SQLite is the simplest of databases. It uses a single file on your computer to store the database. This makes it easy to delete the file and start again or send the file to a coworker to share data. SQLite, by virtual of being very simple, is very fast for basic tasks. However, it is missing a very large number of features required in the SQL standard. For example it only has a couple data types and uses strings to represent many of the types. It does not follow the strict typing of SQL, meaning that you can store an integer in a string field and it will not complain. There are a number of very like web sites that use SQLite behind the scenes.

PostgreSQL is one of the most feature complete SQL databases around. It focuses on trying to do a very good job of following the SQL standard. It supports scripts that run inside the database (called store procedures), has a spatial add module called PostGIS, and has extensive documentation. PostgreSQL runs a server program (called a daemon) that is always in the background. Programs can talk to the database, which can be on the same computer or can connect over a network connection. However, for getting started learning databases, we will focus on SQLite to avoid the complexities of setting up a PostgreSQL.

Once you have the basics of SQL, we will start to use Python to talk to the database. First we will put SQL right into the Python code. This is the simplest way to talk to a database and allows you to see exactly what is happening. After that, we will use SQLAlchemy, which hides the SQL commands and allows you to interact with the database without having to think about the exact SQL commands that are being run for you.

Acquiring the data

database@iodp.tamu.edu

FIX/TODO: Explain where I got the data, what it means, why I chose it, and where how to get a copy.

Getting started with SQLite

Sample dataset - world ocean drilling

There is no better way to start learning SQL than to create a small database and to make use of it. For this section, we will use a data set of the world locations of bore holes drilled by the Deep Sea Drilling Program (DSDP), Ocean Drilling Program (ODP), and Integrated Ocean Drilling Program (IODP). We have fairly complete version of the table, but we will start with just 6 rows of the table to start.
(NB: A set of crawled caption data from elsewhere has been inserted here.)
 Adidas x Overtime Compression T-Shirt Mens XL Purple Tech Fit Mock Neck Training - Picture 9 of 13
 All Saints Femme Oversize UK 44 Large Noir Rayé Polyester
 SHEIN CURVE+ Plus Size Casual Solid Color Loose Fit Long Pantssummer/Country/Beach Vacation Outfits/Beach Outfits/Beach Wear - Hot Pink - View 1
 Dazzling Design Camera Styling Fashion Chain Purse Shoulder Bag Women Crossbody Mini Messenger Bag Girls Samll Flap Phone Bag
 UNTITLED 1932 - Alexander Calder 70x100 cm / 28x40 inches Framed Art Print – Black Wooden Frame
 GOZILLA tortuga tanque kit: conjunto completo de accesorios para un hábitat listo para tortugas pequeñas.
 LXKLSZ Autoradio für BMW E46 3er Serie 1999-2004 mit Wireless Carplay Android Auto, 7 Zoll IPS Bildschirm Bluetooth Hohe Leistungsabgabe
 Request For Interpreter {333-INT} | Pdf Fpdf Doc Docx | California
LEGSITEHLONGITUDELATITUDEDate ArrivedWater Depth (m)TOTAL PEN (m)
100625A-87.160028.831701/12/85 1010889234.9
101626A-79.546825.600002/01/85 0415846.812.8
103637A-12.863342.088304/28/85 18005311285.6
104642A2.928367.225006/28/85 03151281.610.8

Creating a table in the database

We need to create a table in our database to store this data. SQL has a number of standard data types for each column of a database table. SQLite plays pretty loosely with data types, but for most purposes it just works. The basic SQL types are as follows:

TypeDescription
BOOLEANTRUE or FALSE
INTEGERA whole number - same as an
REALA floating point number
FIX: doc the rest

We will start off by creating a database. With SQLite, this is a lot easier than you might imagine. All we have to do is start SQLite and give it the name of the database file. Make sure not to use the "sqlite" command (without the 3), as you will be using a much older version of SQLite.

sqlite3 holes.db3

SQLite will respond with its initialization and leave you at a prompt. It is waiting for you to get started!

SQLite version 3.6.13
Enter ".help" for instructions
Enter SQL statements terminated with a ";"
sqlite> 

Now we need to create the table for our holes. Just paste this text directly into your sqlite

CREATE TABLE IF NOT EXISTS holes (
       -- Two dashes are a comment to the end of a line
       id INTEGER PRIMARY KEY, -- every table should have a primary key
       leg INTEGER,
       site INTEGER,
       hole VARCHAR(1),  -- a string of length 1
       arrived TIMESTAMP,
       water_depth REAL, -- in meters. It is helpful to comment the units!
       total_pen REAL -- in meters
);

FIX: Write a walk through of what just happened.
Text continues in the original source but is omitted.